This chapter reports on Simenc’s ethnography conducted in Slovenia from January 2016 till December 2017. The analysis focuses on a woman, ‘Eva’. It concerns her health narrative and the author’s observations of her everyday (invisible) struggles and (visible) articulations on Facebook, in the processes of getting a sense of what her symptoms meant, an accurate medical diagnoses and treatment and support in the medical system. The analysis of the case opens up a window towards a better understanding of the process behind becoming an expert/empowered patient through daily experience of rare disease and the emerging dynamics between lay and professional knowledge.

What is more, the detailed excursion into a specific case tries to make meaningful sense of everyday practices and motivations that shape the emergence of the expert patient today, where social media (in this case Facebook) are seen as an important public arena for patients’ actions and articulations of resistance to established power relations within biomedicine. Eva is one of the loud voices, pioneers and examiners of the different future. She is loudly disrupting established medical authorities, calling for paradigmatic shifts in medical practice and research. She calls for more inclusion of experiential patients’ knowledge into medical practice and research. She is not an isolated case.

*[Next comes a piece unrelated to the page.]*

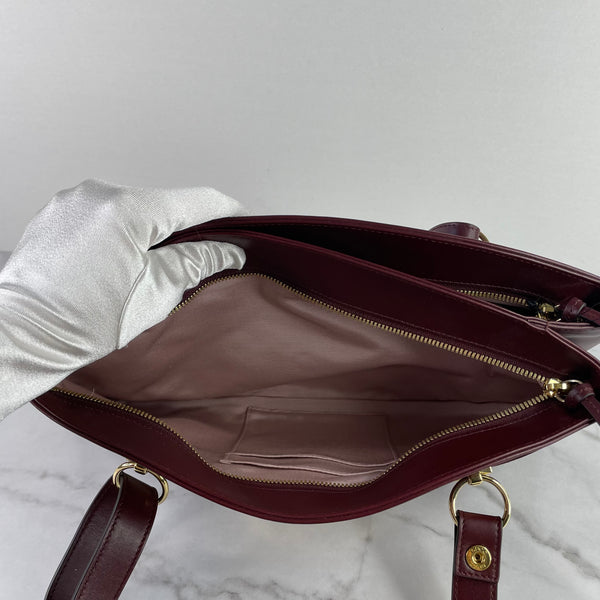GUCCI Burgundy Calfskin Large Arli Top Handle/Shoulder Bag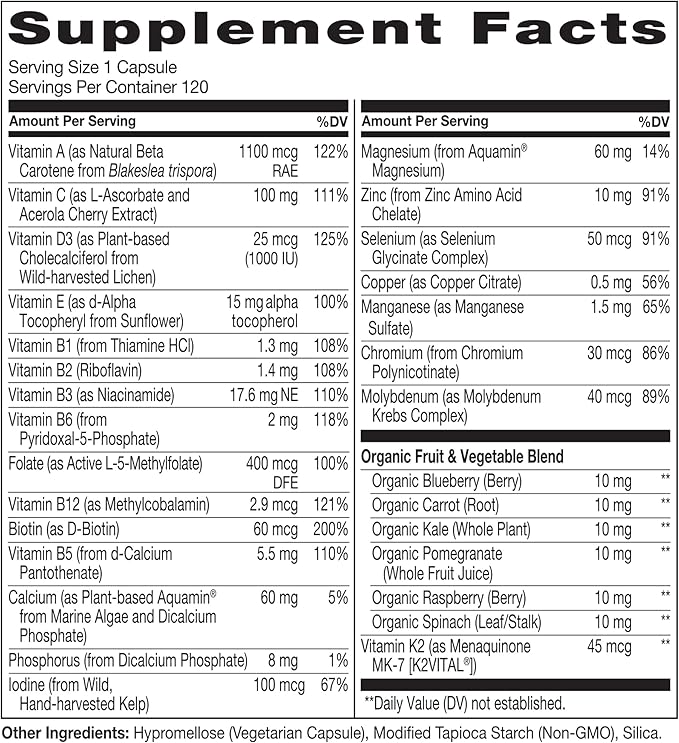 NATURELO One Daily Multivitamin for Men 50+ 120 Capsules One Daily Multivitamin for Women 50+ (Iron Free) 120 Capsules - 4 Month Supply Bundle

The analysis approaches Eva’s narrative within the context of the present Slovenian public health environment and draws on Barth’s (Current Anthropology, 43(1), 1–18, 2002) understanding of knowledge as an embodied, situated and contextual concept. The chapter aims to give a fresh perspective to our understanding of the relational and ontological complexity of contemporary illness experience. Creativity of users/patients mediated through Facebook during the process of illness experience is emphasized.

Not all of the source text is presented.